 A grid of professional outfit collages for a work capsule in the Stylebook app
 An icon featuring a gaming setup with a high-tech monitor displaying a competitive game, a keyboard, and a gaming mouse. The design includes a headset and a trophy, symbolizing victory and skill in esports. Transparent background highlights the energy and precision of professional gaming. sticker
---
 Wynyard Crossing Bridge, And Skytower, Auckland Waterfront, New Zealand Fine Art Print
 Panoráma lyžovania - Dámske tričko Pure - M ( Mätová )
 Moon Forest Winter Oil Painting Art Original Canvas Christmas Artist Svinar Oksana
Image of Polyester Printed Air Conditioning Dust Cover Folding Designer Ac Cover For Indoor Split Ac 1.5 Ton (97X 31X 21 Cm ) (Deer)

WHAT TO WORK ON: Everything from the line containing "Moon Forest Winter" through the line containing "Image of Polyester" in the material above should be retyped exactly, both ends included, and nothing more.

FINISHED EXERCISE:
 Moon Forest Winter Oil Painting Art Original Canvas Christmas Artist Svinar Oksana
Image of Polyester Printed Air Conditioning Dust Cover Folding Designer Ac Cover For Indoor Split Ac 1.5 Ton (97X 31X 21 Cm ) (Deer)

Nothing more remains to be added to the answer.